Mais d'abord, je vais préparer son petit cul. Il le sait. Il le relève un peu, et se cambre davantage. J'écarte les fesses et j'admire le sphincter. Lisse et propre. Prêt à être stimulé. Je plonge le visage dans la raie. Et commence à lécher. À bouffer. Je déverse ma salive. Je sens la chair tendre de l'anus sur ma langue. La rosette se contracte quand elle est caressée. Pierre continue à jurer et à gémir. L'envie de baiser est énorme chez lui. C'est presque un drogué qui a besoin de sa dose. Mes mains tirent sur les fesses pour les écarter. Je me suis enfoui le plus possible. Ma langue pousse pour rentrer carrément dans son cul. Je sens ma bite se tendre, car j'ai envie de l'enculer sans tarder. Je mets deux gouttes de gel sur ma queue et me branle. Juste ce qu'il faut. Pour bien le prendre, mais aussi pour être au contact : ma peau contre la sienne.

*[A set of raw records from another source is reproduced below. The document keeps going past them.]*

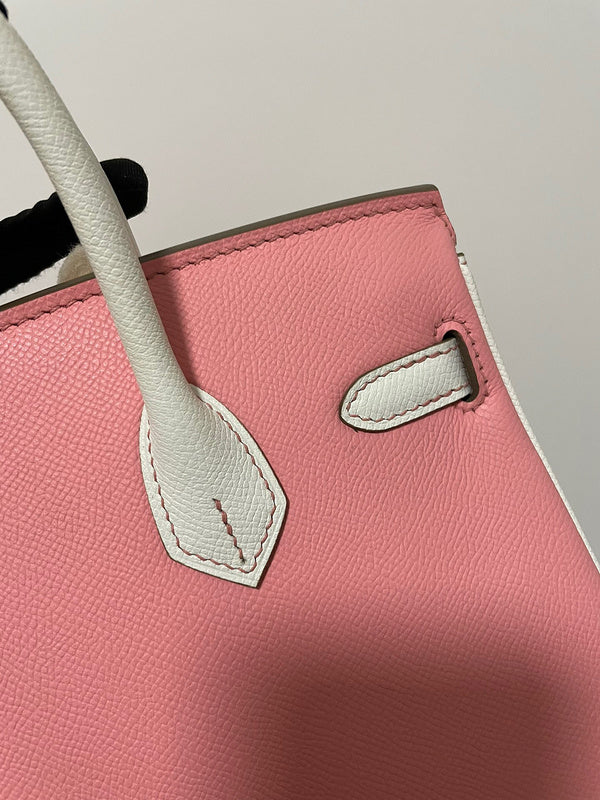 Glami - HMS Bags - 2235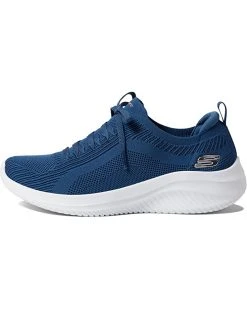 SKECHERS Sneakers & Athletic Shoes Ultra Flex 3.0 - Big Plan -SKECHERS Shop 71krVrTr02L. AC SR736920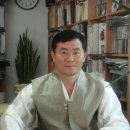 한국생활국악연합회 이미지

Pierre est toujours sur le ventre, fesses légèrement relevées. Je presse mon gland contre son anus fermement, sans chercher à être particulièrement doux. Ma queue rentre d'un coup. Pierre gémit et grogne, plus de plaisir et de soulagement d'être pénétré que de douleur et de surprise. Je me loge aussitôt au plus profond de lui, mon gland au bout de son rectum, et mes hanches contre ses fesses, pour le posséder entièrement. Puis je me penche sur lui et lui murmure à l'oreille d'une voix suave et dominatrice : "C'est ça que tu voulais, hein, ma bite dans ton p'tit cul ?"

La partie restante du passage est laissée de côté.